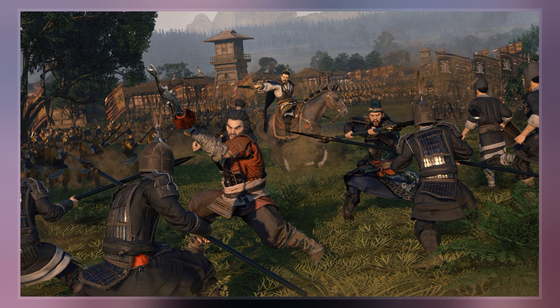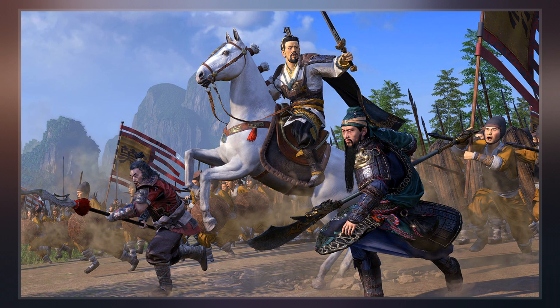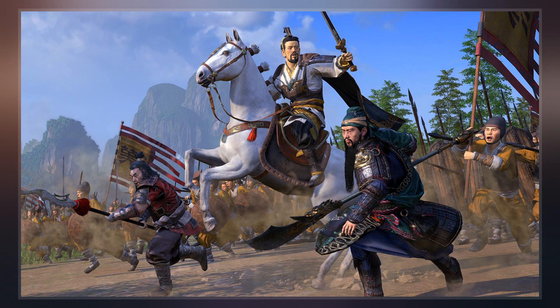The Wars of the Three Kingdoms, sometimes known as the British Civil Wars, were an intertwined series of conflicts that took place between 1639 and 1653 in the kingdoms of England, Scotland, and Ireland — separate kingdoms which had the same king, Charles I. The wars were fought mainly over issues of governance and religion, and included rebellions, civil wars, and invasions.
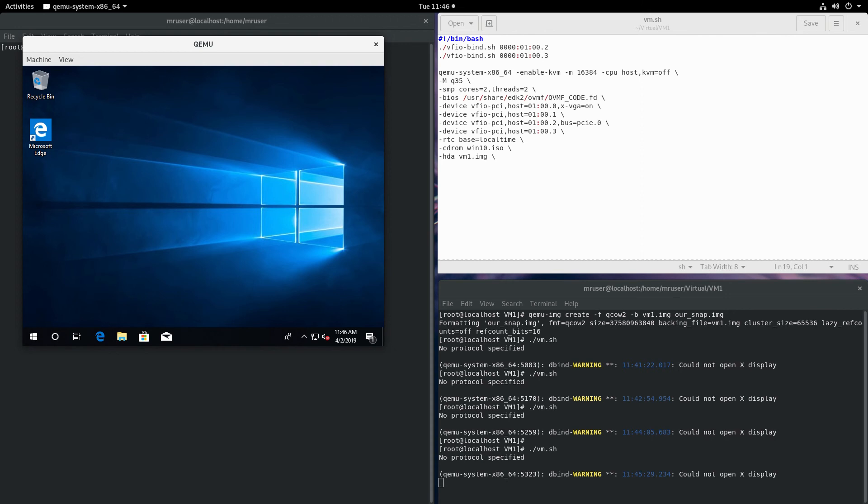With snapshots, we can easily and quickly revert back to where we started and get rid of any unwanted changes. In the next video, I'll be going over Looking Glass. See you in the next video.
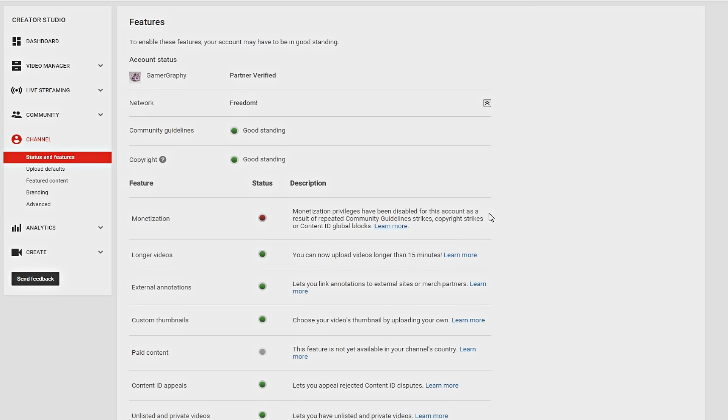Now as some of you guys probably still remember, I got a copyright strike from Gfinity six months ago. Now that claim just expired a few days ago and my channel is back to healthy. And after that strike expired, I got this.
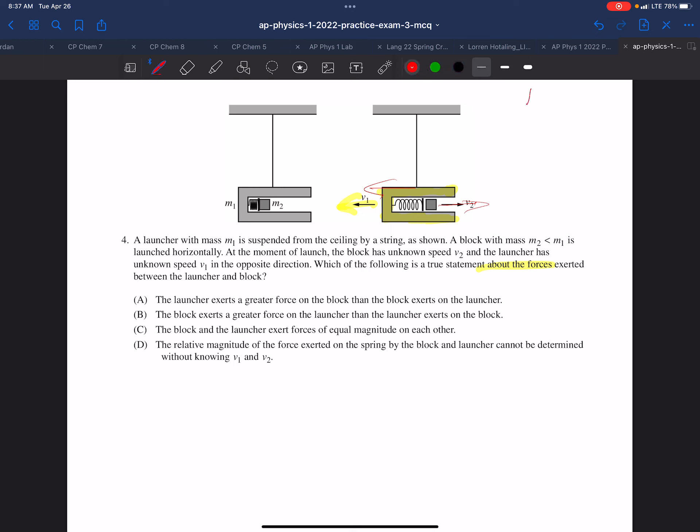The first thing that should come to mind is Newton's third law: for every force, there's an equal and opposite force. That's the first thing we should be thinking. But we also have an explosion here, and the explosion is about conservation of momentum.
= = = = =
- **TASK DETAILS**:
The line containing "With snapshots, we" marks the end; please output exactly the lines of the listing above from its first line through that line, without pictures.

- **RESULT FOR THIS EXERCISE**:
The Wars of the Three Kingdoms, sometimes known as the British Civil Wars, were an intertwined series of conflicts that took place between 1639 and 1653 in the kingdoms of England, Scotland, and Ireland — separate kingdoms which had the same king, Charles I. The wars were fought mainly over issues of governance and religion, and included rebellions, civil wars, and invasions.
With snapshots, we can easily and quickly revert back to where we started and get rid of any unwanted changes. In the next video, I'll be going over Looking Glass. See you in the next video.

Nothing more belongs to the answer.